America Makes and the National Center for Defense Manufacturing and Machining (NCDMM) are proud to announce a new open project call funded by the Office of the Under Secretary of War, Acquisition and Sustainment, Industrial Base Analysis and Sustainment (IBAS) Program, worth a total of $12.4M. The project call, Maturation Initiatives for Additive Metals Interchangeability (MIAMI), aims to validate that metallic additive manufacturing (AM) materials can reliably replace traditional alloys in Department of War (DoW) weapon system components. Three awards are anticipated.

Project teams will select candidate parts, define performance requirements, and generate shared, validated data demonstrating that the AM material meets or exceeds the critical properties of the legacy alloys it is intended to substitute. The goal is to enable broad, cross-platform use of AM materials, reduce redundant testing, and accelerate qualification so AM solutions can be adopted quickly and confidently across the defense industrial base.

Proposed efforts are expected to deliver actionable insights that reduce technical and industrial risk, support practical pathways to transition, and provide shared value to both the DoW and the organic industrial base.

The MIAMI project call consists of two phases, beginning with Phase 0. This phase will provide a documented assessment of applications and traditional materials where the selected AM material is expected to serve as a viable substitute.

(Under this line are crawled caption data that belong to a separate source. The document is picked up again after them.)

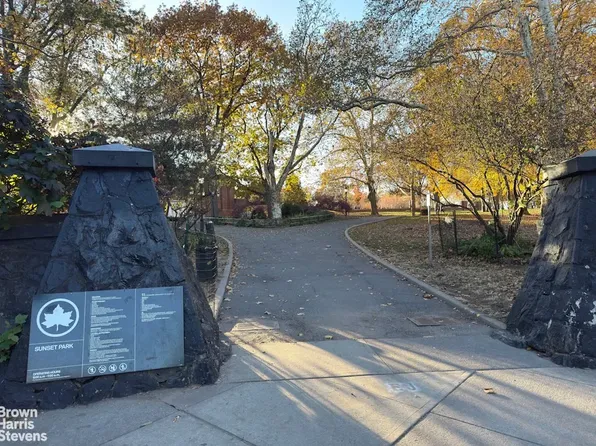 673 41st Street image 13 of 13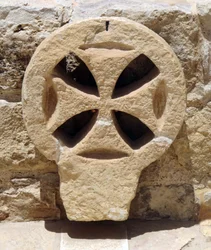 Detalle arquitectónico de una ventana de una iglesia bizantina en la zona de Judea y Samaria, Cisjordania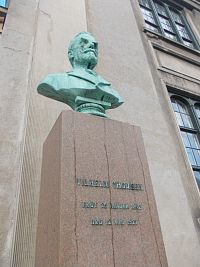 busta filozofa Vilhelma Thomsena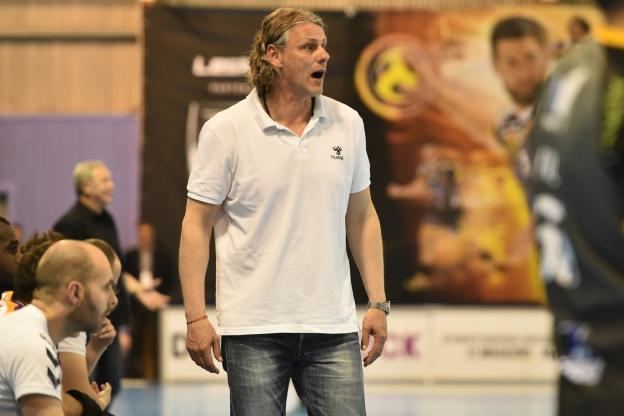Christian Gaudin (handballer) Un trophe pour Christian Gaudin Handball ROU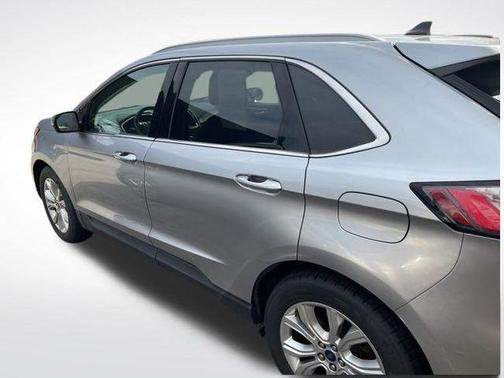 Silver Metallic 2020 Ford Edge Titanium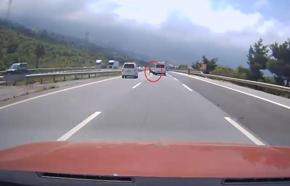 Otoyolda kamyonetin angusa çarptığı kaza kamerada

  • Planning: Define qualification-ready process, material, and feedstock specifications and provide a rigorous analysis identifying where the selected AM material can replace legacy components across a weapons system, including priority use cases, performance requirements, and adoption conditions.
  • Process definition: Develop process control documentation.
  • Preliminary data: Conduct preliminary qualification testing to confirm that the defined process controls produce AM material with room temperature mechanical properties that meet established threshold requirements.

This Phase 0 work will be followed by a final phase where comprehensive testing and demonstration will be executed based on the test plan developed in Phase 0.